Inside the NFL | Patriots, 49ers cream of the 2012-13 NFL crop
Published: Tuesday, September 4, 2012
Updated: Tuesday, September 4, 2012 07:09
It’s that time again: summer is coming to an end, which means it’s time to fire up the flat screen, break out the wings, and settle in for another great football season. Below is a guide through the unmarked and treacherous terrain of the NFL, make sense of what is sure to be another exciting year.
When talking about the AFC, the conversation usually begins and ends with the New England Patriots. The Pats have been to the Super Bowl five times in the past eleven years and look poised to continue their dominant run this year with the same unstoppable aerial attack led by future hall-of-fame quarterback Tom Brady.
This year, though, the Pats feature a revamped defense after using every pick in the draft this year outside of the seventh round on defensive players in an effort to shore up a massive bugaboo for the team.
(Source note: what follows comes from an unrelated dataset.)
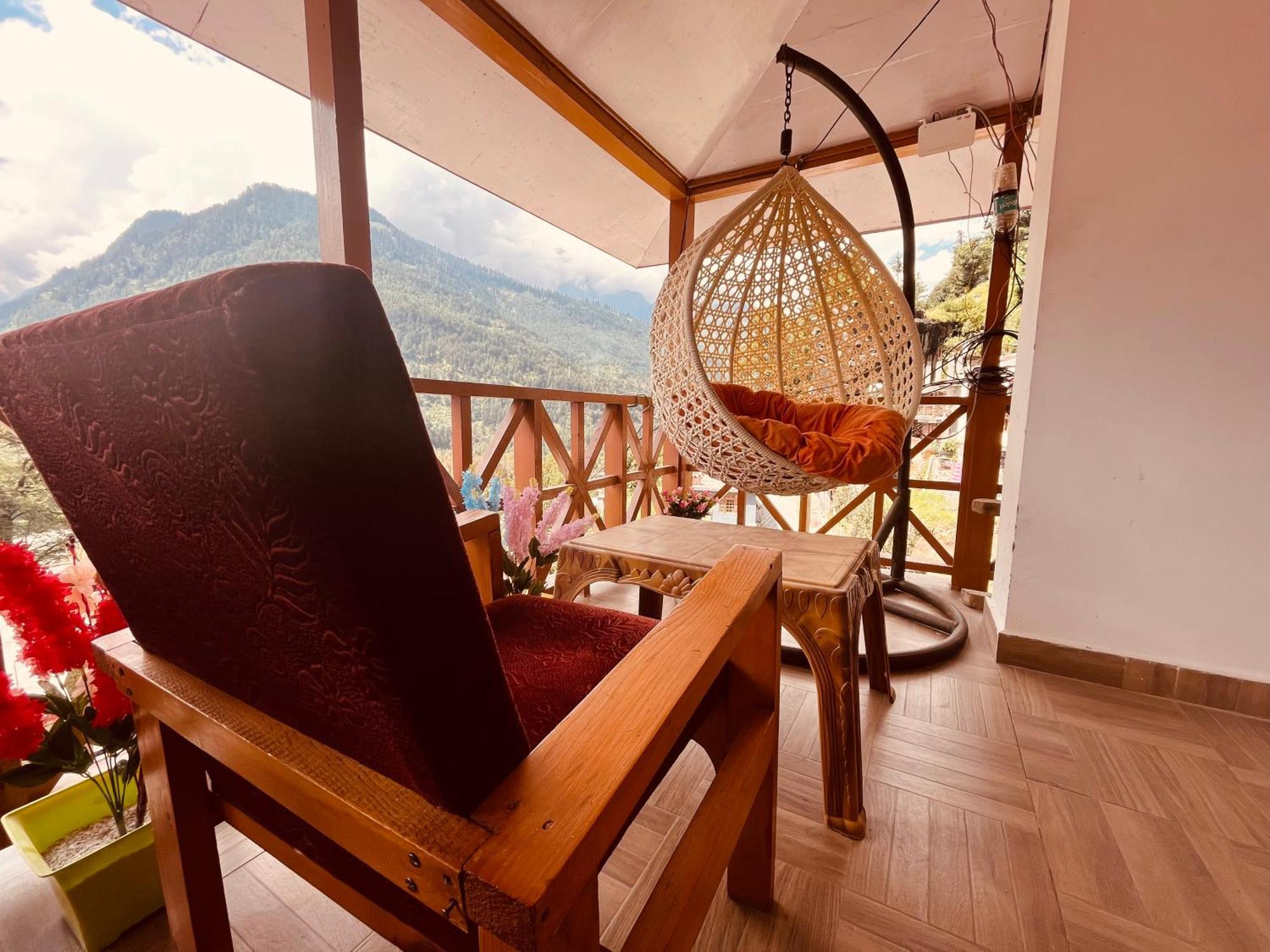 Sita Hotel & Cottage, Manali - A Boutique Wellness Hotel Exteriér fotografie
Their draft consisted of two first-round selections who will immediately make an impact in the front seven: defensive end Chandler Jones and linebacker Dont’a Hightower. If the Patriots’ defense can improve and the offense sustains no major injuries, then New England’s current favorite team should continue to roll on.
However, the AFC is not short on firepower after the Patriots. The consensus AFC South division winner, the Houston Texans, look to be the biggest obstacle in the Patriots’ path to another Super Bowl trip. The Texans boast one of the strongest running games in the league, as Arian Foster and Ben Tate cut through the holes opened up by the best the zone-blocking scheme in football.
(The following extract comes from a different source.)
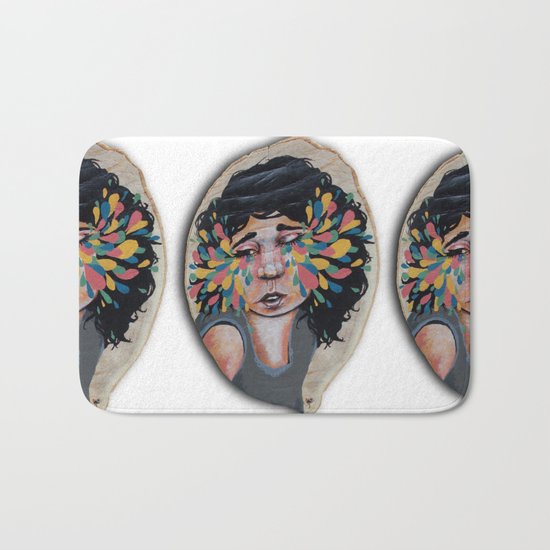 I See In Color Bath Mat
Further up the field, wide receiver Andre Johnson and tight end Owen Daniels provide two big-time targets for quarterback Matt Schaub, who was not available for the playoffs last year due to injury. Finally, the Texans bring back a staunch defense that won’t miss a beat despite losing defensive end Mario Williams to free agency. Led by Pro Bowl cornerback Johnathan Joseph and a medley of pass-rushers, the Texans look poised to make another run deep into the playoffs.
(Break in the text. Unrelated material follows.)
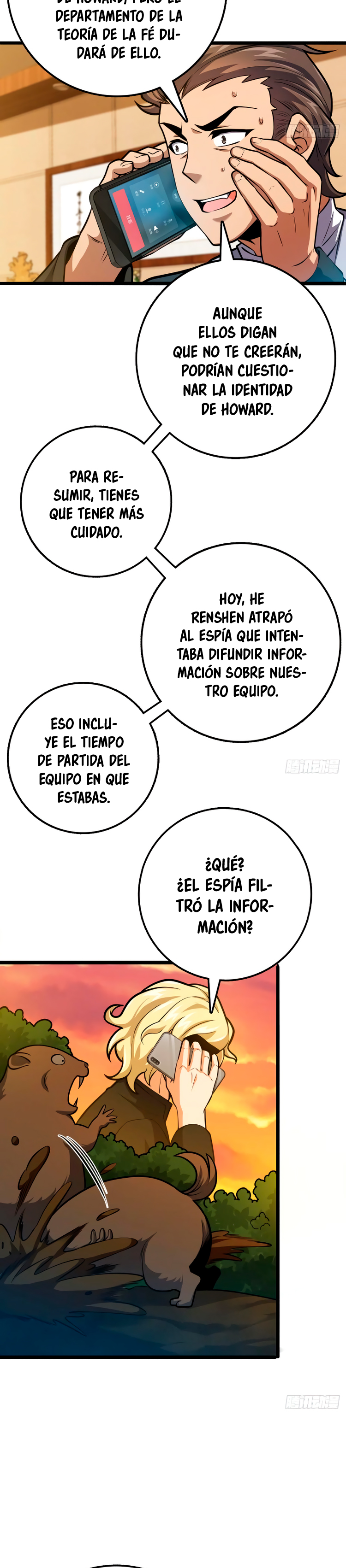 Perdoname, oh gran señor — Capítulo 339 — 9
If you’re looking for a sleeper special, look no further than the Kansas City Chiefs. Sometimes a laughing stock and a perennial bottom dweller in the AFC West, the Chiefs finished a solid 7-9 last season, and appear to be on the upswing.
The offense is not sparse in the talent department: running backs Jamal Charles and Peyton Hillis can both be pro-bowl caliber, and wide receivers Dwayne Bowe and Jon Baldwin provide athletic targets for quarterback Matt Cassel. The real key for the Chiefs is their young, fast defense. Third-year safety Eric Berry is a star in the making and OLB Tamba Hali anchors a stellar core of linebackers.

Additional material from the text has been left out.